### [Problem statement]
From the listing below, give again exactly the lines from the line with "Charming Heart-Shaped Promise" to the line with "2 in 1 Automatic", ends included, without any pictures.

### [Provided data]
• • • • •

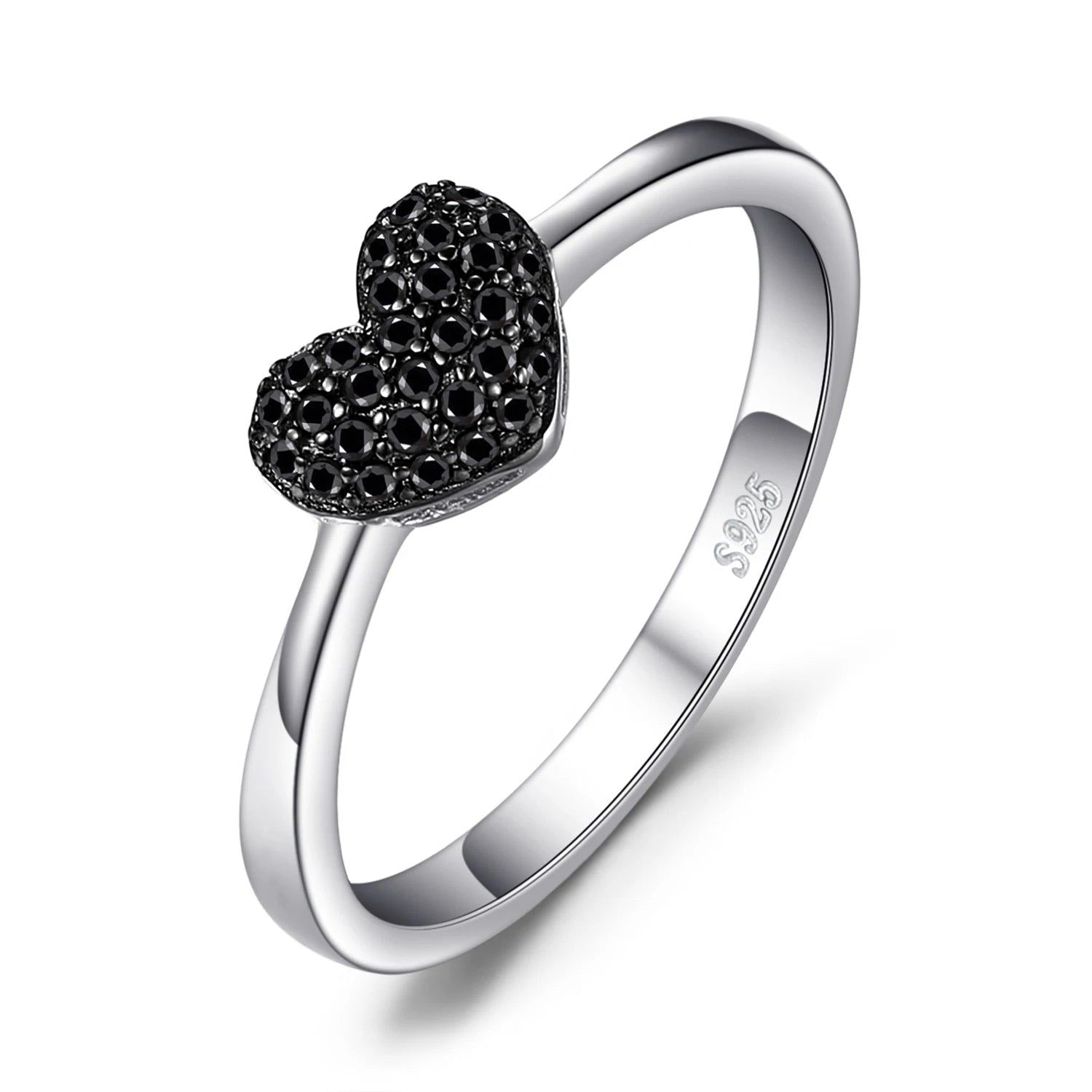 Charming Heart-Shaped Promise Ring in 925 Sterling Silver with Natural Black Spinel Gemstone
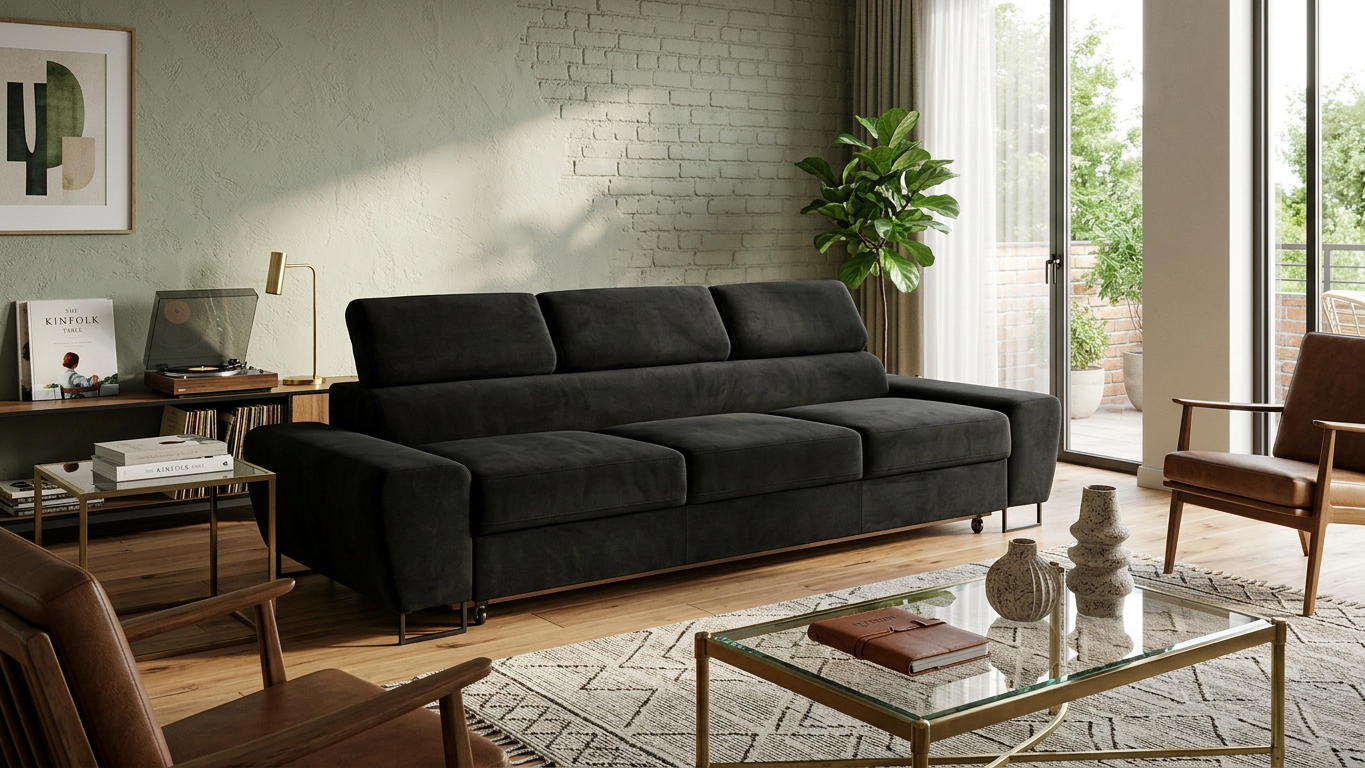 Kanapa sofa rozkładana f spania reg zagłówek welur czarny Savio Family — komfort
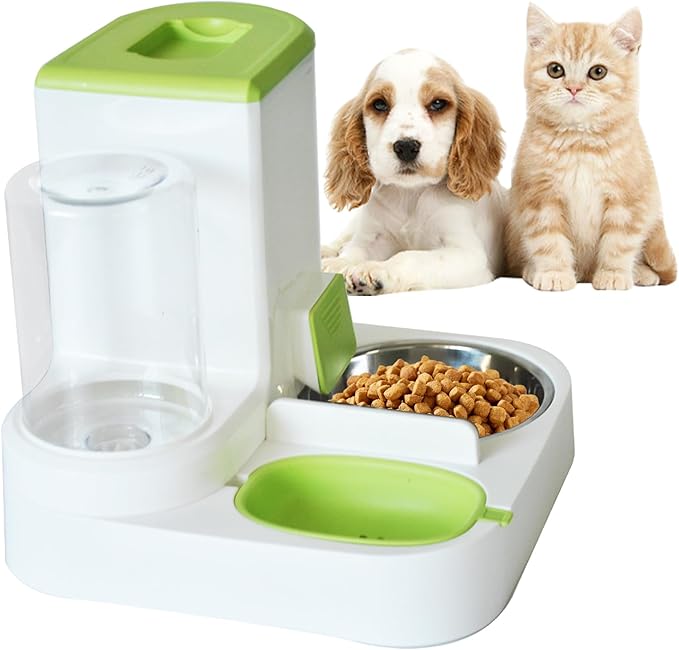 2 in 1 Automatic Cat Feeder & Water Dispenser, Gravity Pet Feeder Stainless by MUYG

• • • • •

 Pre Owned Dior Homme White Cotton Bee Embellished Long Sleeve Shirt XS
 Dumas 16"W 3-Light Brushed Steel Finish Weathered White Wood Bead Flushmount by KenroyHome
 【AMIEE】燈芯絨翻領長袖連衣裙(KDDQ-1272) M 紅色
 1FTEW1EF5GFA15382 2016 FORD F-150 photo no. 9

• • • • •

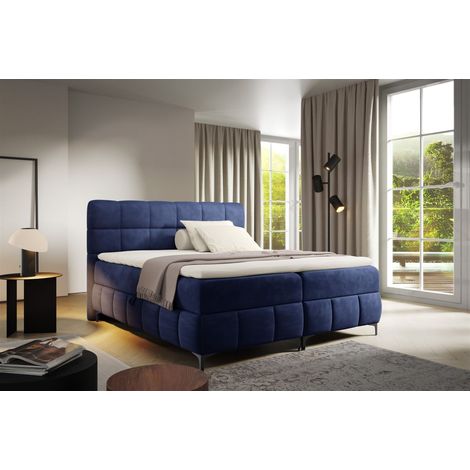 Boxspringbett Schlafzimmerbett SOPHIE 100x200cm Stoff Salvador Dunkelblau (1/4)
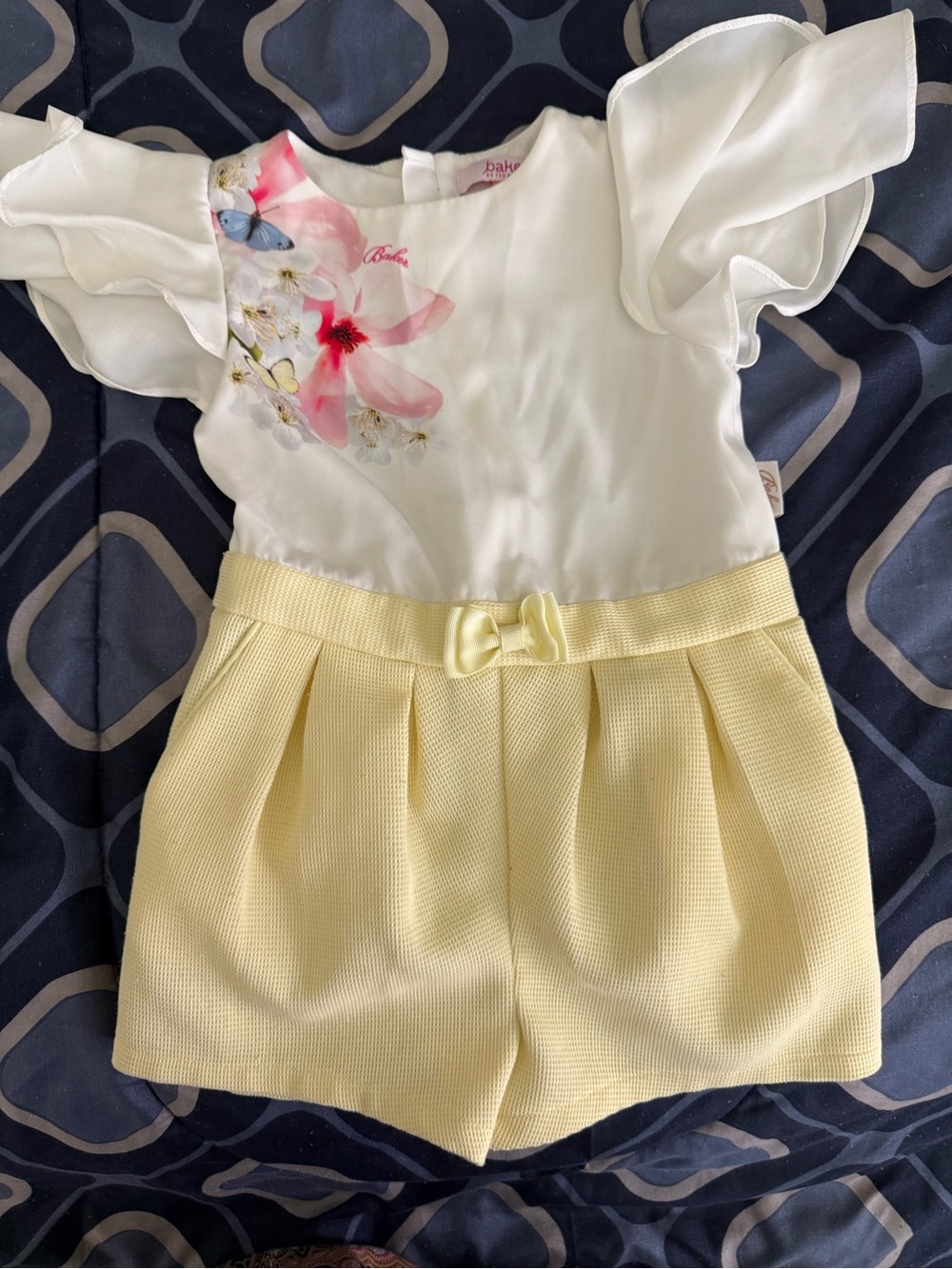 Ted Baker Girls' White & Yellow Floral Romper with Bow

• • • • •

### [Written answer]
 Charming Heart-Shaped Promise Ring in 925 Sterling Silver with Natural Black Spinel Gemstone
 Kanapa sofa rozkładana f spania reg zagłówek welur czarny Savio Family — komfort
 2 in 1 Automatic Cat Feeder & Water Dispenser, Gravity Pet Feeder Stainless by MUYG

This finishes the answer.